DATASET SECTION: Begin

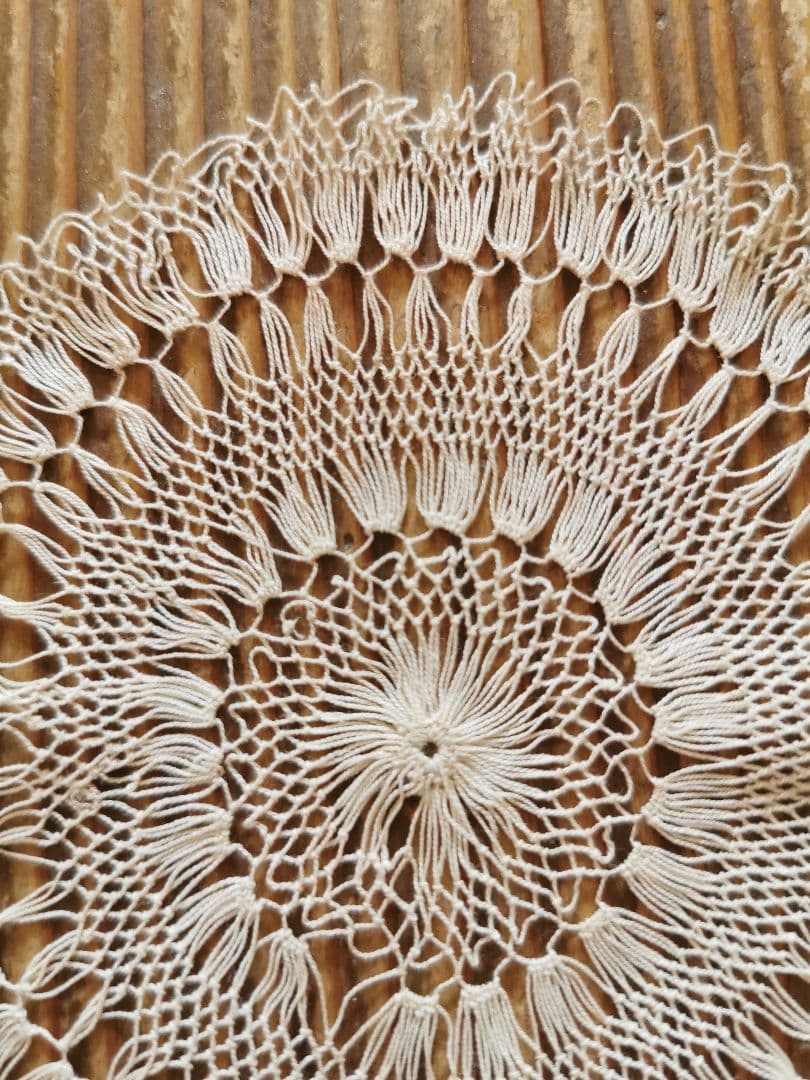 アンティーク 百合 ベルフラワー チューリップ 線状の花アルメニアレースドイリー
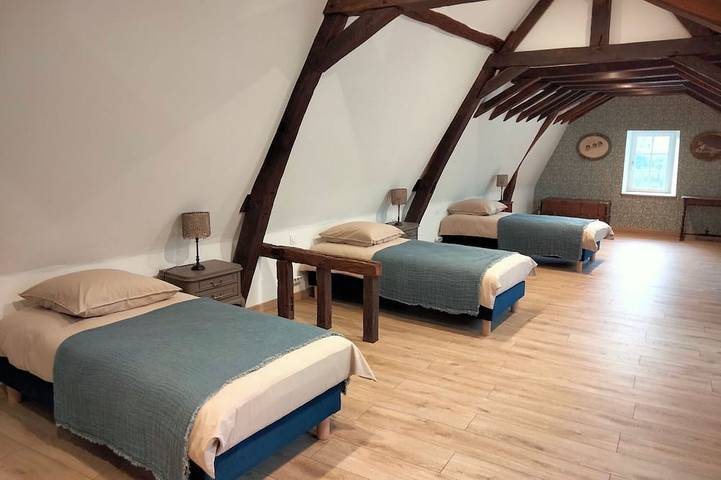 Gîte pour 10 personnes, avec jardin, animaux acceptés dans Bazouges Cré sur Loir - 2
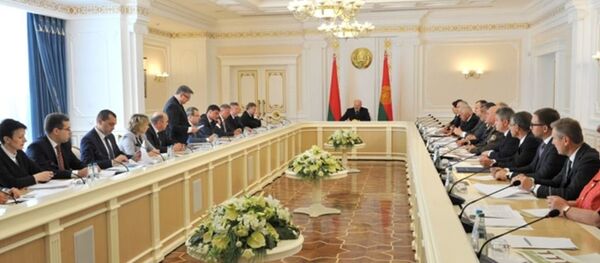 Доклад по вопросам выполнения поручений о стимулировании деловой инициативы - Sputnik Беларусь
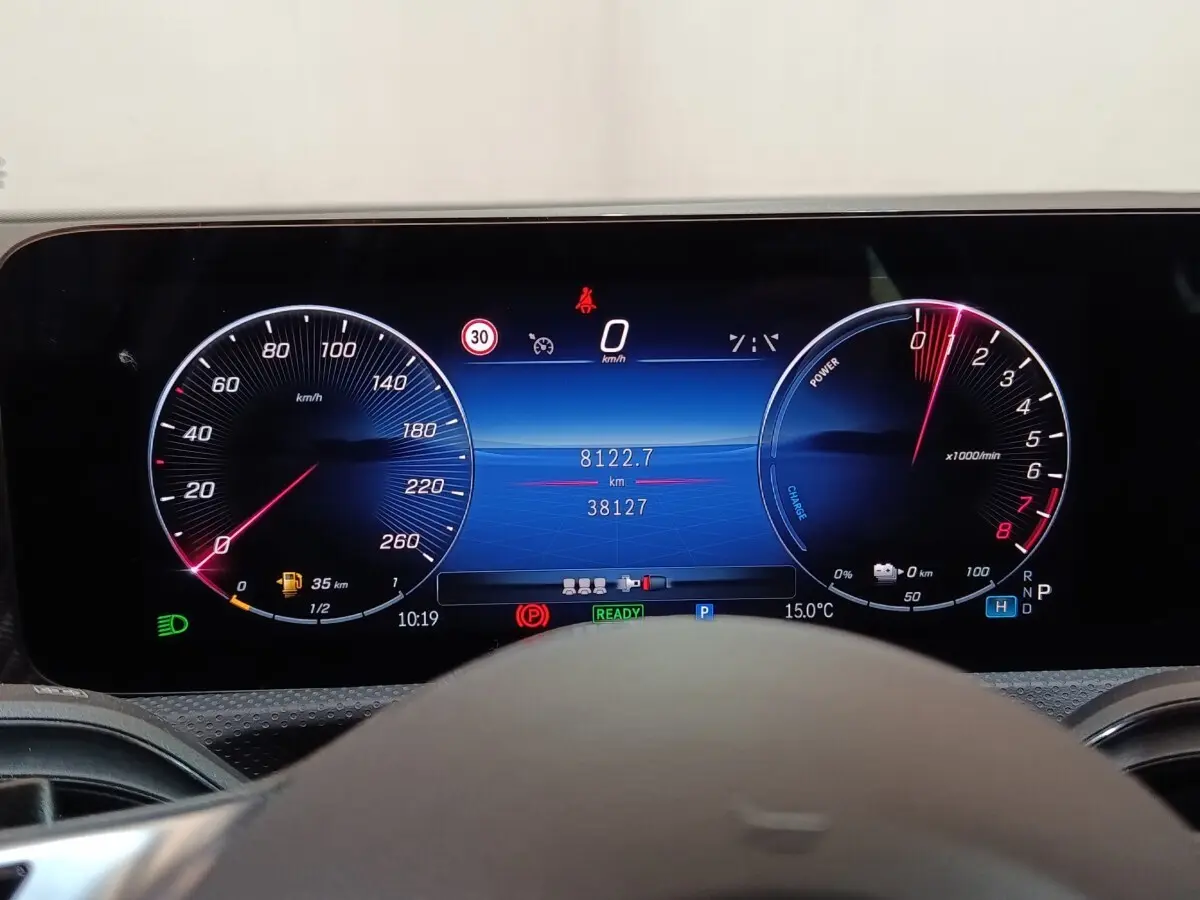 Vue rapprochée du tableau de bord numérique de la Mercedes GLA 250 e Business Line, affichage clair et moderne.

DATASET SECTION: End

YOUR ASSIGNMENT
Give back exactly the lines from the one containing "Gîte pour 10" through the last line above, both included, and none of the pictures.

SOLUTION TO THIS EXERCISE
 Gîte pour 10 personnes, avec jardin, animaux acceptés dans Bazouges Cré sur Loir - 2
 Доклад по вопросам выполнения поручений о стимулировании деловой инициативы - Sputnik Беларусь
 Vue rapprochée du tableau de bord numérique de la Mercedes GLA 250 e Business Line, affichage clair et moderne.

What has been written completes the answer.